### Task description
Every entry below is to be returned unchanged. Images are not part of the copy.

### Record extracts
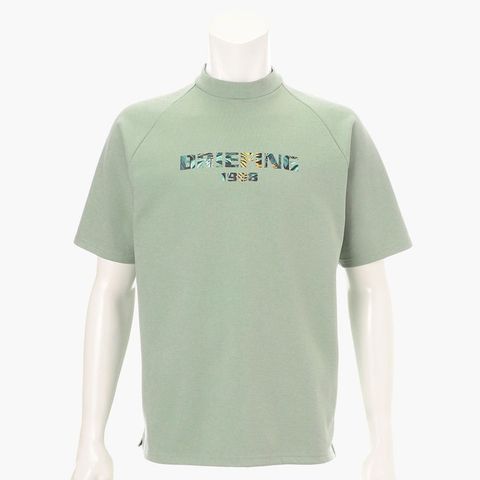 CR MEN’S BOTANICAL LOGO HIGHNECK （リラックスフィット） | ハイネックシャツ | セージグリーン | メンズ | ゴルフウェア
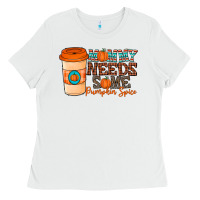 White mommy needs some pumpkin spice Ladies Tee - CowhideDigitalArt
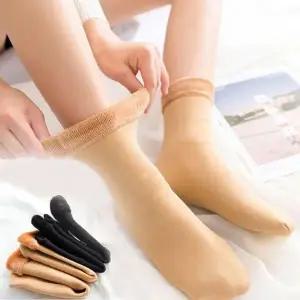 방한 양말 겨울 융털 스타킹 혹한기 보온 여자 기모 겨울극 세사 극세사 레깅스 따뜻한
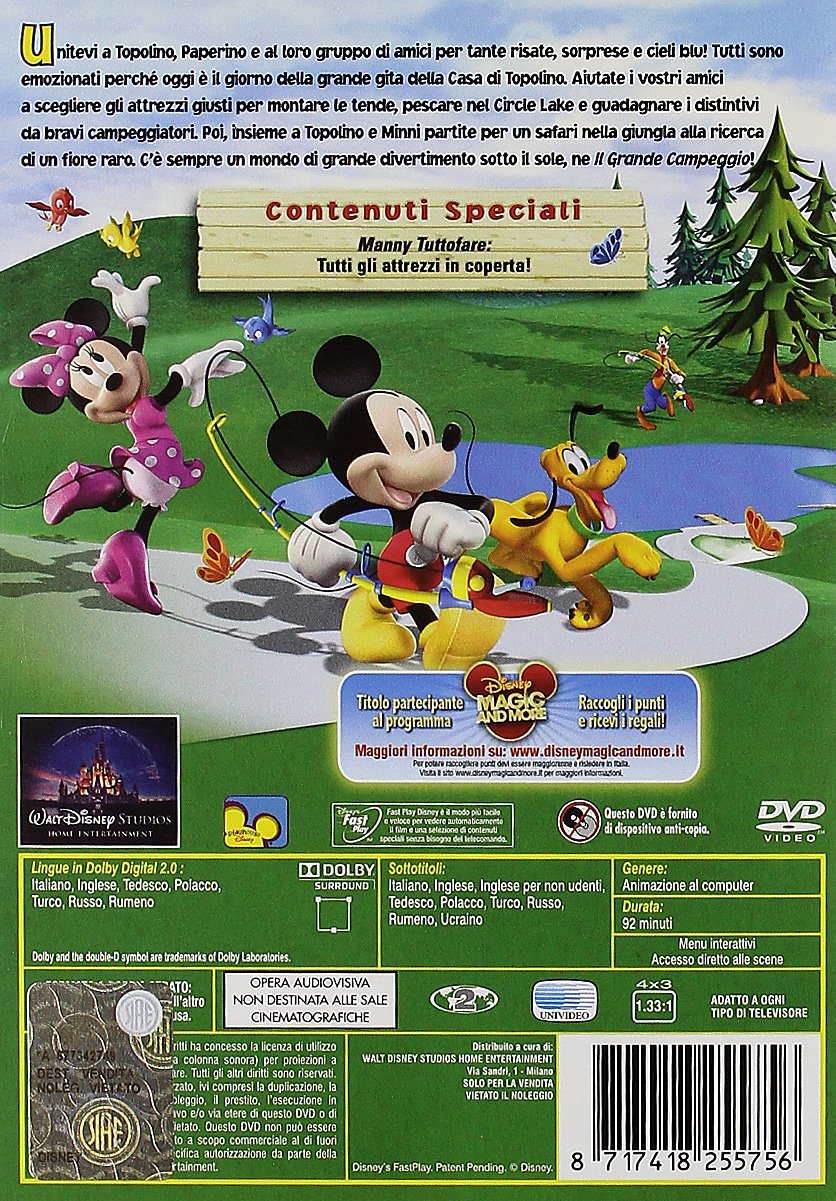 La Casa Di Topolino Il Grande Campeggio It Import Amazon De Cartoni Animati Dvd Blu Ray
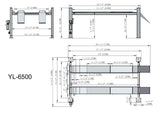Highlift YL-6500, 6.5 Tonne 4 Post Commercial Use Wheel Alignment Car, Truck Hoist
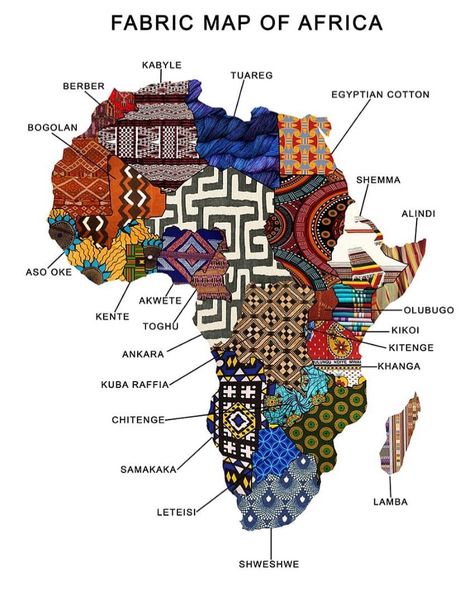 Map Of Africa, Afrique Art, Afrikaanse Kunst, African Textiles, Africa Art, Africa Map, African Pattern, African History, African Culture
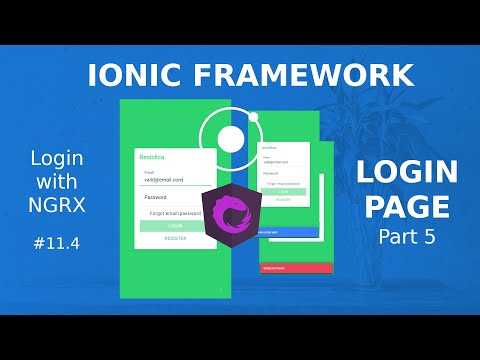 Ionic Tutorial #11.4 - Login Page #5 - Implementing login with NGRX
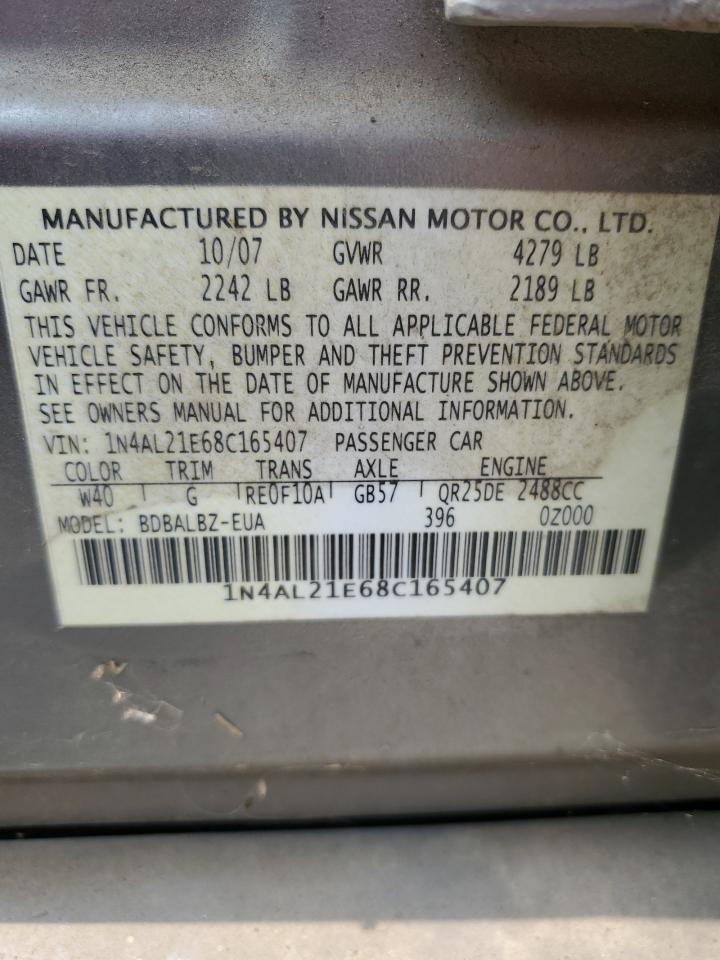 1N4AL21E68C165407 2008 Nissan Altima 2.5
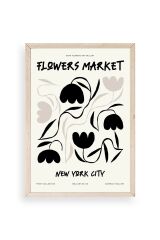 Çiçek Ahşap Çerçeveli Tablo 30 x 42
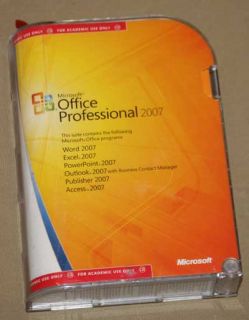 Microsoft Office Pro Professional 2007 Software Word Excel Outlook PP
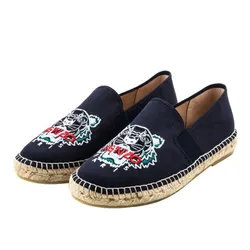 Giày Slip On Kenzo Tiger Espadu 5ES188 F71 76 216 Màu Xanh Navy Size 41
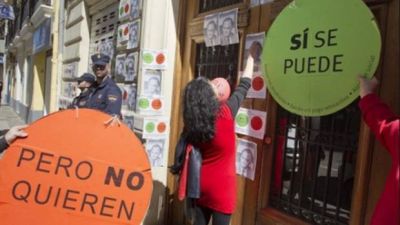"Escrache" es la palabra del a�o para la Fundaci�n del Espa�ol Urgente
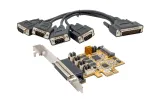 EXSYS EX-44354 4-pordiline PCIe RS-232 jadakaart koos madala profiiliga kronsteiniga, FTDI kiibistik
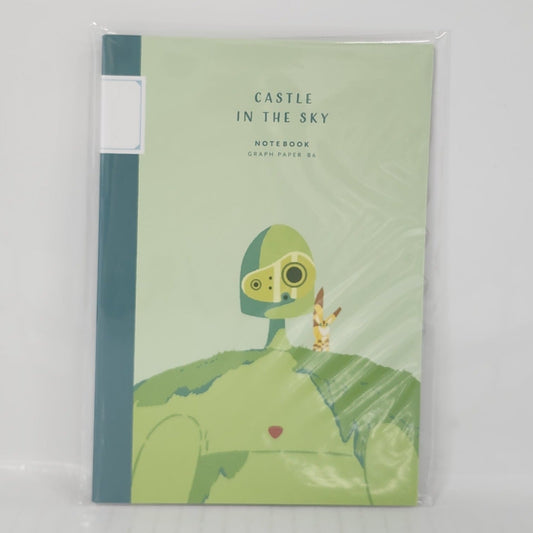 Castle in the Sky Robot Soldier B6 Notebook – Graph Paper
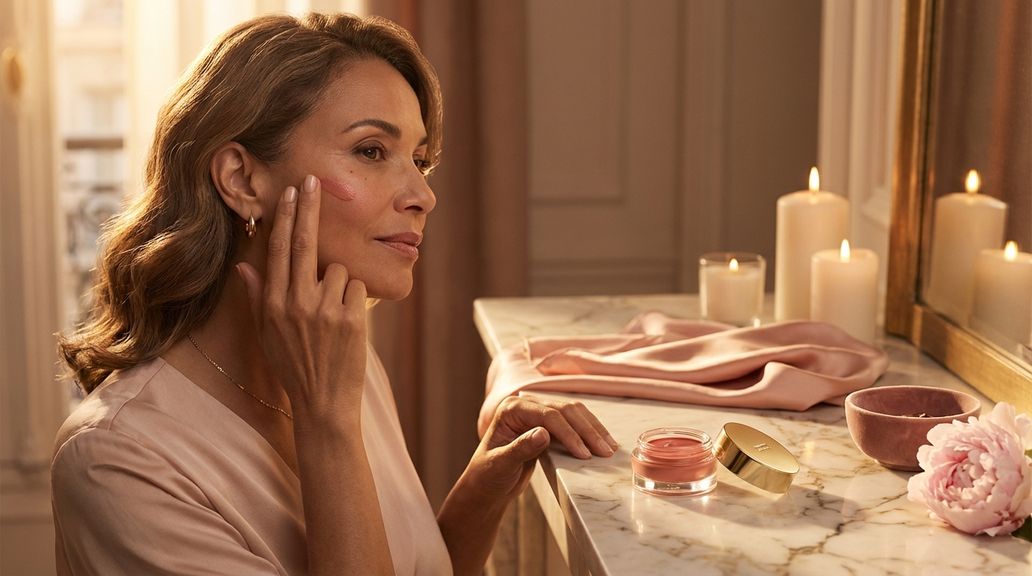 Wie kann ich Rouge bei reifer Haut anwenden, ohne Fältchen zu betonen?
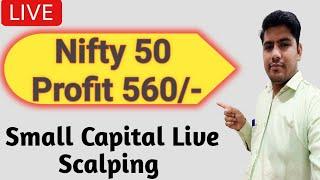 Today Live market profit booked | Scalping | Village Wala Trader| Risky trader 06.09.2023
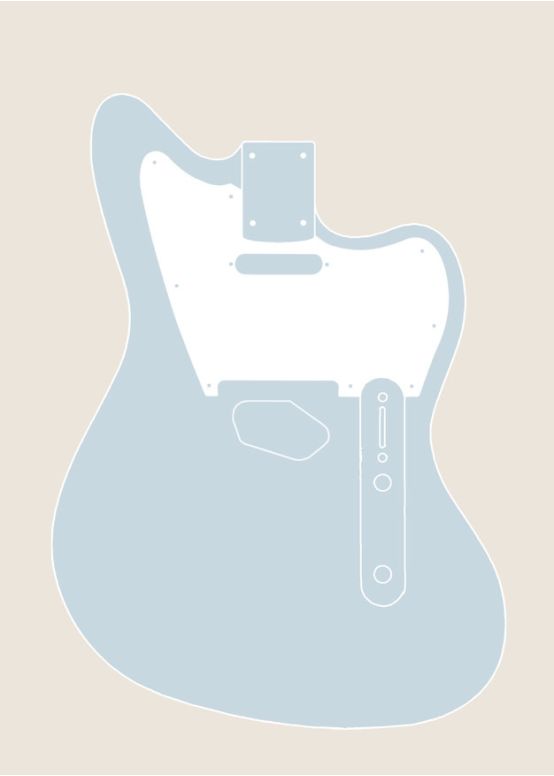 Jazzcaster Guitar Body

### Result of the task
 CR MEN’S BOTANICAL LOGO HIGHNECK （リラックスフィット） | ハイネックシャツ | セージグリーン | メンズ | ゴルフウェア
 White mommy needs some pumpkin spice Ladies Tee - CowhideDigitalArt
 방한 양말 겨울 융털 스타킹 혹한기 보온 여자 기모 겨울극 세사 극세사 레깅스 따뜻한
 La Casa Di Topolino Il Grande Campeggio It Import Amazon De Cartoni Animati Dvd Blu Ray
Highlift YL-6500, 6.5 Tonne 4 Post Commercial Use Wheel Alignment Car, Truck Hoist
 Map Of Africa, Afrique Art, Afrikaanse Kunst, African Textiles, Africa Art, Africa Map, African Pattern, African History, African Culture
 Ionic Tutorial #11.4 - Login Page #5 - Implementing login with NGRX
 1N4AL21E68C165407 2008 Nissan Altima 2.5
 Çiçek Ahşap Çerçeveli Tablo 30 x 42
 Microsoft Office Pro Professional 2007 Software Word Excel Outlook PP
 Giày Slip On Kenzo Tiger Espadu 5ES188 F71 76 216 Màu Xanh Navy Size 41
"Escrache" es la palabra del a�o para la Fundaci�n del Espa�ol Urgente
 EXSYS EX-44354 4-pordiline PCIe RS-232 jadakaart koos madala profiiliga kronsteiniga, FTDI kiibistik
 Castle in the Sky Robot Soldier B6 Notebook – Graph Paper
 Wie kann ich Rouge bei reifer Haut anwenden, ohne Fältchen zu betonen?
 Today Live market profit booked | Scalping | Village Wala Trader| Risky trader 06.09.2023
 Jazzcaster Guitar Body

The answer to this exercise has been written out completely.